At 6 minutes and 45 seconds, "Someone Saved My Life Tonight" was twice as long as a typical single, but owing to the highly personal nature of the lyrics, John refused to let it be edited down to a more suitable length for radio airplay. Despite the length, the song peaked on the US Billboard Hot 100 chart at No. 4 and in Canada on the RPMTop Singles chart at No. 2. It would be John's last single for eight years to feature the original Elton John Band of John, Dee Murray, Davey Johnstone, and Nigel Olsson, as John fired Murray and Olsson following the recording of the album.
Background
The song concludes side one of the album's narrative, chronicling the early history of John and lyricist, Bernie Taupin, and their struggles to find their place within the music industry.
Taupin's lyric refers to a time in 1968, before John was popular as a musician, when John was engaged to be married to girlfriend Linda Woodrow.

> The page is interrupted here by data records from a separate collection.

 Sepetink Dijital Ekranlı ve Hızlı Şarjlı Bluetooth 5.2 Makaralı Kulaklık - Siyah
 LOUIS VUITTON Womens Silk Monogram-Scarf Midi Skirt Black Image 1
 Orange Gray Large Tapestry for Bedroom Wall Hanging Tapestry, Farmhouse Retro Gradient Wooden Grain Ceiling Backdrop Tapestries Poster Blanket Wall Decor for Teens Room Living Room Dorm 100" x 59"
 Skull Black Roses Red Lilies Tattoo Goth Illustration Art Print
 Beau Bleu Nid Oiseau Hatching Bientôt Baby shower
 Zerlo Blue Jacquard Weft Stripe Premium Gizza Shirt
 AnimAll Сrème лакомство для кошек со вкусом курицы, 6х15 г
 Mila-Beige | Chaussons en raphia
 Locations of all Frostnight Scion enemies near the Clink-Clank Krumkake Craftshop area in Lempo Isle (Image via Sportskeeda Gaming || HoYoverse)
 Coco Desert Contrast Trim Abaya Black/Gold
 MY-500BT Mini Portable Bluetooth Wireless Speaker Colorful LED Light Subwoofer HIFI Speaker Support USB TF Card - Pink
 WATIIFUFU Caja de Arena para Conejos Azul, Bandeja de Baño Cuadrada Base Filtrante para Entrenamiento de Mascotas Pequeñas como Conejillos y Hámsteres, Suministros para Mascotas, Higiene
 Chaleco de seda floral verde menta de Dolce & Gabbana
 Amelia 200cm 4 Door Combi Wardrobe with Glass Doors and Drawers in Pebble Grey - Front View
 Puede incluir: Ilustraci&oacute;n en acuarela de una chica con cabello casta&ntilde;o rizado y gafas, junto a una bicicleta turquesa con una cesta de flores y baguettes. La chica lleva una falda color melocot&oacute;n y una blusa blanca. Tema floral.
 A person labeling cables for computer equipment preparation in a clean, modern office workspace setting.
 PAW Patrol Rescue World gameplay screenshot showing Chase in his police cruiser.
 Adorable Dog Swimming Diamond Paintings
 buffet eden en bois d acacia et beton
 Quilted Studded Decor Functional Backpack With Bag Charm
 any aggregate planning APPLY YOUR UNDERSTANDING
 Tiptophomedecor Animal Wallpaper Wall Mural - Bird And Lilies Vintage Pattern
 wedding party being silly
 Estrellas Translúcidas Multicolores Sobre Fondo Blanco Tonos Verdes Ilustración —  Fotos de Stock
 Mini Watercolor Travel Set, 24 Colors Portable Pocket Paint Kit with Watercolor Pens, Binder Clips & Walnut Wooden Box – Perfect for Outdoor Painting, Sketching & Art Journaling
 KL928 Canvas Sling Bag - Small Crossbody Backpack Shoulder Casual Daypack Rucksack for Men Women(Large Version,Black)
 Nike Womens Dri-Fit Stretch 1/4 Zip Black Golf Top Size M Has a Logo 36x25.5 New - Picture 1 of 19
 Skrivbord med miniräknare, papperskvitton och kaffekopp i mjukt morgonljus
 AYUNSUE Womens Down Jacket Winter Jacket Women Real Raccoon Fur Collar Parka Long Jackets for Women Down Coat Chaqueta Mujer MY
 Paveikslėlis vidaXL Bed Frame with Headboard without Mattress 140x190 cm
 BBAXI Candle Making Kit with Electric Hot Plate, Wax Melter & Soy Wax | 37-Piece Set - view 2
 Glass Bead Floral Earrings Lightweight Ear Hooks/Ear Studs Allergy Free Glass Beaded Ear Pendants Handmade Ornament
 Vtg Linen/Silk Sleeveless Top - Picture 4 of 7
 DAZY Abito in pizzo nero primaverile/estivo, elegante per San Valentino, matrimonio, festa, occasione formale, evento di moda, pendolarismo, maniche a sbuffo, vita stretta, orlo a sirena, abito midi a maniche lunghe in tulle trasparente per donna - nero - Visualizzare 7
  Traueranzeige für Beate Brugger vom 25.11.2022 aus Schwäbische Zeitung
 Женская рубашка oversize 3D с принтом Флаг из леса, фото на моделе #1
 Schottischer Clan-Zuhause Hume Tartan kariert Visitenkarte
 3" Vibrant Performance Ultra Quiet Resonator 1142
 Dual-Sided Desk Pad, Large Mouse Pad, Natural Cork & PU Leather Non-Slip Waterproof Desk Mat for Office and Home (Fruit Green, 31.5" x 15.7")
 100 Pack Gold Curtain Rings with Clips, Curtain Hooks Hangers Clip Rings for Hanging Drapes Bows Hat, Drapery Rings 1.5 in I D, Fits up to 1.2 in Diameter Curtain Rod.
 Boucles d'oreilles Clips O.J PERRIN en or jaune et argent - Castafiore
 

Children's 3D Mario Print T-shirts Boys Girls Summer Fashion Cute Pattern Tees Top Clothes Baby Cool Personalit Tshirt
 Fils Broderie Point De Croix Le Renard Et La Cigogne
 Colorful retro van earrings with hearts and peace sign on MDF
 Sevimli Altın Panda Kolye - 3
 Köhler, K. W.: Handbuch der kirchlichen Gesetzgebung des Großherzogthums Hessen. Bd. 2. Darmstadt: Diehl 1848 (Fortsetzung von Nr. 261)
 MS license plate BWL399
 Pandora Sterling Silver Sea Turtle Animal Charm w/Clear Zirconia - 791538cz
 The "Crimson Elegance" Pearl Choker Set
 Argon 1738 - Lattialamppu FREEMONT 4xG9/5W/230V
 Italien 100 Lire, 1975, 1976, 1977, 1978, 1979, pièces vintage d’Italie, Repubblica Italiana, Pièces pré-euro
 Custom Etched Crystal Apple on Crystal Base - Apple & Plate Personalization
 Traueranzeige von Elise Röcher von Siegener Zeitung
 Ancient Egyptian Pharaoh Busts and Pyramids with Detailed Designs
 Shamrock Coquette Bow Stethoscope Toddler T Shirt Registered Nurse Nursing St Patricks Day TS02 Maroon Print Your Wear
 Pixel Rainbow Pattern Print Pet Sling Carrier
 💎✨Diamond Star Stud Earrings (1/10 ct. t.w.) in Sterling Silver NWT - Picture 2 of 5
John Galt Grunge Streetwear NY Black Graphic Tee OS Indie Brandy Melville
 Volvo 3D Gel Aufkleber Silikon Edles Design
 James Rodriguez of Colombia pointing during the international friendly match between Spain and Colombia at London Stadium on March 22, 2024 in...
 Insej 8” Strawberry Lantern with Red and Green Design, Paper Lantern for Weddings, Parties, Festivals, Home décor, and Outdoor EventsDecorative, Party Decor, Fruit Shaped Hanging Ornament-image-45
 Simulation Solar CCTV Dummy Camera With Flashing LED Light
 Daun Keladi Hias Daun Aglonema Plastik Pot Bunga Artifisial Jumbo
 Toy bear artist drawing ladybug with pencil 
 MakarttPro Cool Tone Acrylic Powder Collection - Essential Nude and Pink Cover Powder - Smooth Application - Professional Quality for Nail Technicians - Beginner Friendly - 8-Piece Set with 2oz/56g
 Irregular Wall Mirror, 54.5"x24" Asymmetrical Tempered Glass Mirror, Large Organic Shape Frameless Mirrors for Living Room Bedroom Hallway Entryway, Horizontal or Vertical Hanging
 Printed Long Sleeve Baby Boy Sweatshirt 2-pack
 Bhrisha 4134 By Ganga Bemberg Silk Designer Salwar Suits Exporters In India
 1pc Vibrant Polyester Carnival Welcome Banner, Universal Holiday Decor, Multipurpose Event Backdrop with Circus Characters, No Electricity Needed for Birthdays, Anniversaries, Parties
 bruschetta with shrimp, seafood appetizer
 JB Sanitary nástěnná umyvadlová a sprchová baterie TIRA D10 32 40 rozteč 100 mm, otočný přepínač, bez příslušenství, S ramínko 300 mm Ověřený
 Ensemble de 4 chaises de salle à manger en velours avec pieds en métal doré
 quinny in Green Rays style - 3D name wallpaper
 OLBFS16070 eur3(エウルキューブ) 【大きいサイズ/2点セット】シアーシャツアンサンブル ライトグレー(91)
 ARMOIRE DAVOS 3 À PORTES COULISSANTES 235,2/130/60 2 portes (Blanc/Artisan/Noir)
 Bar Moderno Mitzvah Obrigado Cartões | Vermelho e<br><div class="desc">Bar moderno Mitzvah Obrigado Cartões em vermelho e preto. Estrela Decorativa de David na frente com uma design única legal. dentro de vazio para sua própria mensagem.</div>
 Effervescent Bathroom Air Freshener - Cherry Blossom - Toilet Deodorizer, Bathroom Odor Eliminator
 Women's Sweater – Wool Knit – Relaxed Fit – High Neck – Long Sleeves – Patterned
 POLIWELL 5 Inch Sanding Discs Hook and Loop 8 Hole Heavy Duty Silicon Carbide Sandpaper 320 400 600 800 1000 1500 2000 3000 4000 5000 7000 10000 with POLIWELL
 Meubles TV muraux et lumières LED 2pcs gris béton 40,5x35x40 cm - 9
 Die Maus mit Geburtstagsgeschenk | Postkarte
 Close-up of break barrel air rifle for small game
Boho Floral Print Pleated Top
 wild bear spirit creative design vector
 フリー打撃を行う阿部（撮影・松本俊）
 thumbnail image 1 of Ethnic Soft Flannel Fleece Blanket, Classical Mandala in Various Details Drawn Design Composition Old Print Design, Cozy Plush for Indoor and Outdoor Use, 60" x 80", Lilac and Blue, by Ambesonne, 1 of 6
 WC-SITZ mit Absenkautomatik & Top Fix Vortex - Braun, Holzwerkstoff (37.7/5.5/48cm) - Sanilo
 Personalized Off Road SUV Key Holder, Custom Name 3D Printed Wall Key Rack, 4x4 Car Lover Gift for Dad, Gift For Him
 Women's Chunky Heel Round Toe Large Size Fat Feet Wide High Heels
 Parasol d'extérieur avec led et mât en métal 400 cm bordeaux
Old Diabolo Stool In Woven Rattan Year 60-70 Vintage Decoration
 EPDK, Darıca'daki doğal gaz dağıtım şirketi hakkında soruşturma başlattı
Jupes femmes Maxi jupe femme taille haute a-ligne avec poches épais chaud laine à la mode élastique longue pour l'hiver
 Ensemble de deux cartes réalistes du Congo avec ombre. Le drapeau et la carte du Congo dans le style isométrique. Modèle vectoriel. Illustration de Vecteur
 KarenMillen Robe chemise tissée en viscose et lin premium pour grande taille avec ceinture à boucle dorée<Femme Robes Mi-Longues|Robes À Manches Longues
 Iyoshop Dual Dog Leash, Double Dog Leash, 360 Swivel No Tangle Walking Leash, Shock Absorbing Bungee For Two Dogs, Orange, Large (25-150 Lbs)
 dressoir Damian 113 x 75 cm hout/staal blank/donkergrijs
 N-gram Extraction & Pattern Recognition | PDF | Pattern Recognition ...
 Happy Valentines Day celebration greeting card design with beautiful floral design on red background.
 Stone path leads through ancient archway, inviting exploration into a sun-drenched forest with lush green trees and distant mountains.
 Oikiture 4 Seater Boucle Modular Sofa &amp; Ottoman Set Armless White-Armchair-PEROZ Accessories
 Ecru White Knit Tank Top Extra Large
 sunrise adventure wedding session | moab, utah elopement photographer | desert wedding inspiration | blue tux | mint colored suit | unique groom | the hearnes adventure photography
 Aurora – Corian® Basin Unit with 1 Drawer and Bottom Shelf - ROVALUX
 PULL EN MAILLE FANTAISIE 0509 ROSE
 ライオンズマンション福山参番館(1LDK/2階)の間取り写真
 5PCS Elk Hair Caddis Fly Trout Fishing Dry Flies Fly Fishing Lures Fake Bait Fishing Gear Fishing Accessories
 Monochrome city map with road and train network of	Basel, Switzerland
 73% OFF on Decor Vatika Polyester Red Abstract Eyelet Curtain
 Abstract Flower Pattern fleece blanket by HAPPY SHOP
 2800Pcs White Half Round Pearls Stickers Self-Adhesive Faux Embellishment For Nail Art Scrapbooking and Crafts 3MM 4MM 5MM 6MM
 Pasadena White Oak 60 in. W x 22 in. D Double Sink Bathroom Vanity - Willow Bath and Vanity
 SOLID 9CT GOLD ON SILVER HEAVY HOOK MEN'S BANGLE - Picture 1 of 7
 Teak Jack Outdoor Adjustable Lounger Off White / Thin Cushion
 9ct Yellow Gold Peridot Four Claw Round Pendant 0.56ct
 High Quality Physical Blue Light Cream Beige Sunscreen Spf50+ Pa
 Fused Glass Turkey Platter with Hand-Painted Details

John and Woodrow were sharing a flat with Taupin in Furlong Road in Highbury, London, hence the opening line "When I think of those East End lights." John did not love his girlfriend, and felt trapped by the relationship. Feeling desperate, John contemplated suicide, and even made a half-hearted attempt at asphyxiating himself with a gas oven in his home.[4] He took refuge in his friends, especially Long John Baldry, who convinced John to abandon his plans to marry, in order to salvage and maintain his musical career. His parents arrived the next day, in a van, to take him home.[5] As a sign of respect and gratitude to Baldry, Taupin wrote him into the song as the "someone" in the title, and also as "Sugar Bear".[6][7][8]
According to Taupin, John had turned on the gas oven, but left the windows open, rendering the attempt ineffective.[9]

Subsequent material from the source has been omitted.